I thank the hon. Gentleman for raising this point. Our focus is on tackling poverty and making sure that work supports everyone across the UK. I am delighted to be coming to Northern Ireland fairly soon, when I will pick up those discussions further.

The great working city of Gloucester has a high employment rate, but we still have some people who could help to fill vacancies in both city and county. So the Gloucester opportunities fair on 23 February provides a great opportunity not just for all my constituents, including to get free advice on debt, volunteering and benefits, but perhaps for the new Employment Minister, whom I welcome to her place, to come to join us in celebrating the availability in Gloucester and the support for those working there.

My constituents Susan and David Cfas have made representations to me about the situation facing them and many other pensioners who are having to access benefits and other Government support because they are stuck in an annuity trap, whereby at retirement they posted an annuity, which has remained fixed. Will my right hon. Friend meet me to discuss the plight of pensioners in that situation to see whether more can be done to encourage them to access different approaches to increase their income?

That is certainly one reason why we are trying to get people to engage in a more considered way with what they do at the point of the decumulation of their pension funds, but I am more than happy to meet my hon. Friend to discuss his specific concerns about annuities in due course.

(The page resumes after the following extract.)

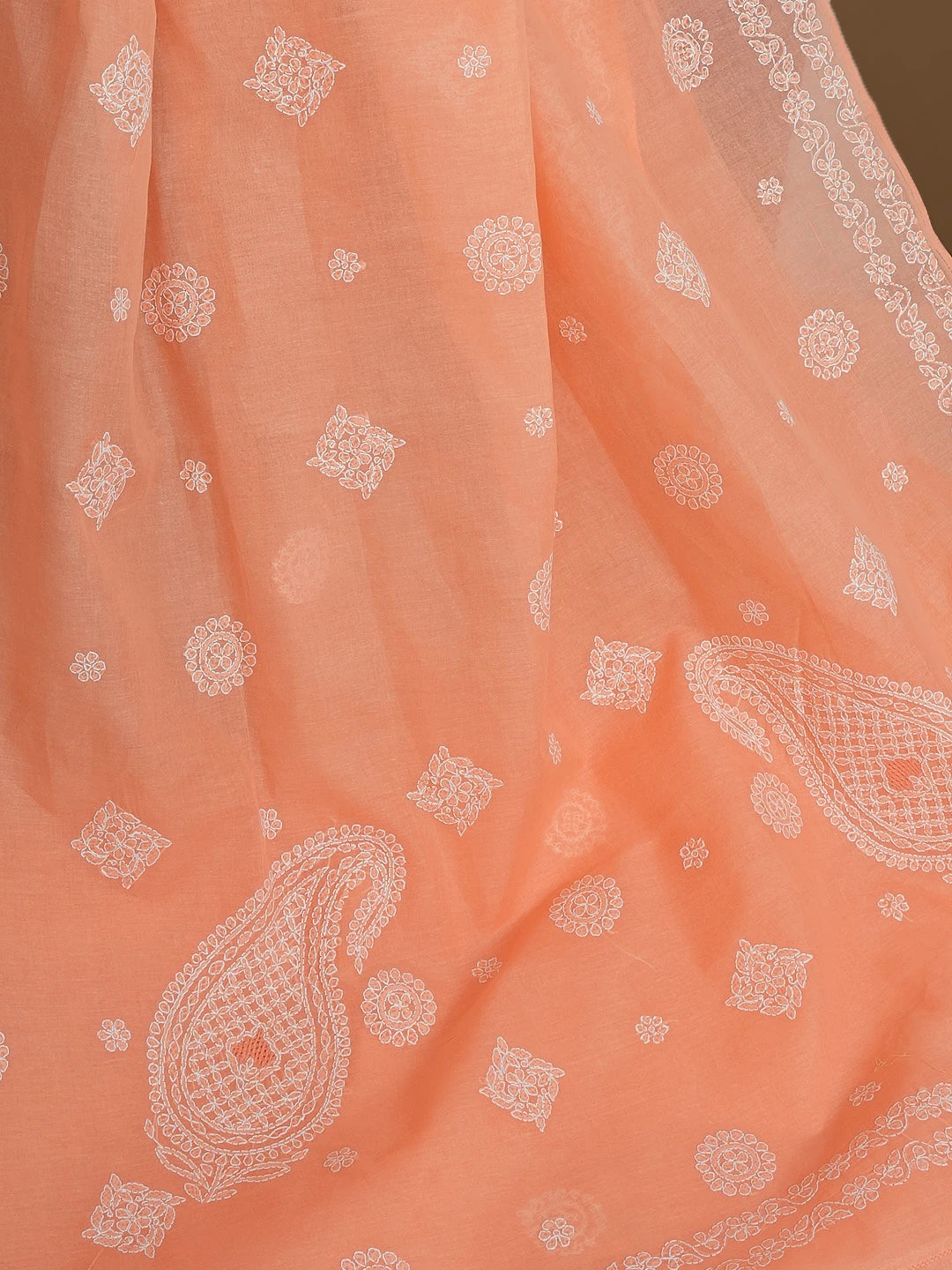 Ada Hand Embroidered Peach Cotton Lucknowi Chikankari Saree With Blouse 01A581111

The Trussell Trust has recently reported that in the past year there has been an 80% increase in the number of children in Stretford and Urmston being supported with food parcels. Can the Minister tell me why it believes that is the case?

The record speaks for itself: this Government have been behind £104 billion-worth of support for the most vulnerable over the period 2022 to 2025; poverty in absolute terms, after housing, has fallen by 1.7 million since 2009-10, when the hon. Gentleman’s party was last in office; we have 400,000 fewer children and 200,000 fewer pensioners in absolutely poverty—under the last Labour Government, we had the fourth highest level of pensioner poverty in Europe; and we have put the national living wage up by 9.8% and cut taxes as well.

May I add my warm welcome to my near neighbour, the Under-Secretary of State for Work and Pensions, my hon. Friend the Member for Mid Sussex, as the new disabilities Minister? Does she acknowledge that one feature of covid has been a big increase in the incidence of mental health issues, particularly among younger people? What is her Department doing to tailor its programmes to get those non-working parts of the population who have not been working since covid and are suffering from mental health challenges back into the workforce?

I thank my hon. Friend for welcoming me to this brief. I will still be very much focused on young people and those key transitions in their lives. We have our reform relating to universal support, our fit note reform and our WorkWell partnerships, which launched on 16 November and will support 60,000 long-term sick and disabled people to start, stay and succeed in work. The youth hubs we have at the Department for Work and Pensions, which are focused on the under-25s, zero in on this issue in particular.